Knight Ridder, which publishes 31 newspapers including the Philadelphia Daily News, The Philadelphia Inquirer, (State College) Centre Daily Times and the (Wilkes-Barre) Times Leader, earned $99 million in the three-month period ending Dec. 28, compared with $96.6 million in the same period a year ago.

Earnings per share were equivalent to $1.22 versus $1.16 a year ago and one penny above the estimate of Wall Street analysts surveyed by Thomson First Call.

Total revenue rose 2 percent to $772.9 million from $759.3 million in the same period a year ago.

Advertising revenue for the quarter was $600.1 million, just above the $598 million a year ago.

Knight Ridder Chairman and CEO Tony Ridder said the year concluded on a "positive note," with advertising revenues up 1.4 percent in December, the best performance since April. For all of 2003, advertising revenue was $2.21 billion, essentially unchanged from last year.

"To our disappointment, the industrywide advertising recession that began in early 2001 persisted through 2003," Ridder said.

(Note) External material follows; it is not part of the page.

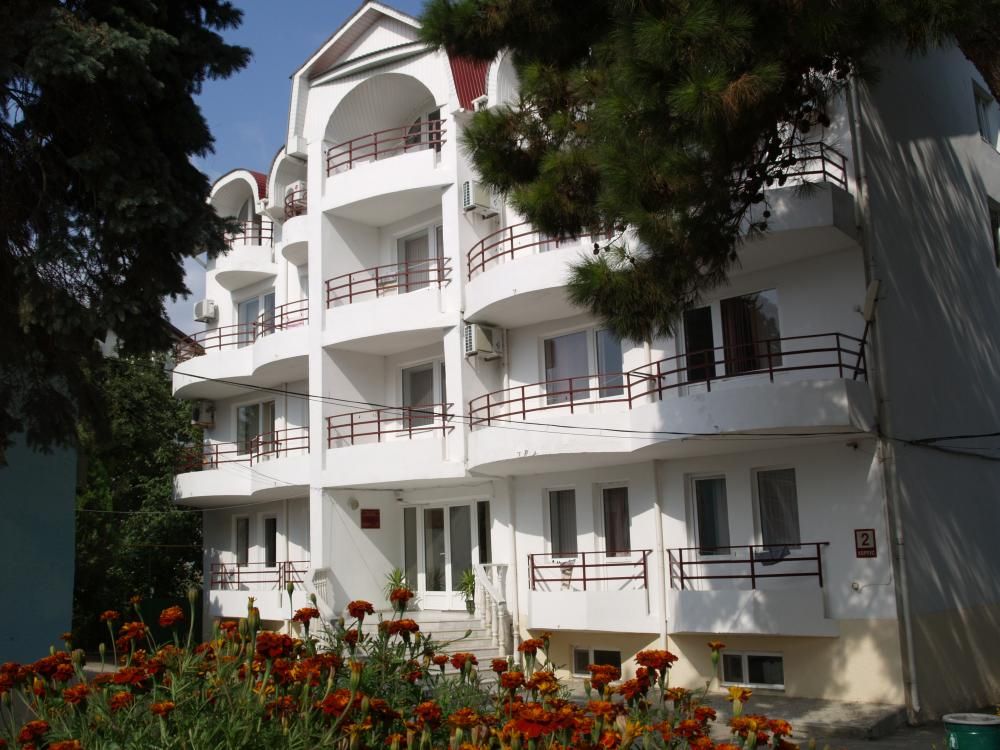 ЧЕРНОМОРСКИЙ, гостевой дом - 1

He noted that help-wanted advertising in large markets was still soft, and retail advertising was hurt by cutbacks by department stores.

For the full year, Knight Ridder earned $296.1 million, up 15 percent from $257.5 million in 2002, while revenues rose 0.5 percent to $2.86 billion from $2.84 billion. Per-share earnings were $3.63 for 2003 compared with $3.33 in 2002.

Chief Financial Officer Gary Effren said that the company believed that analysts' current estimates for full-year earnings of $4.00 for 2004 were "achievable."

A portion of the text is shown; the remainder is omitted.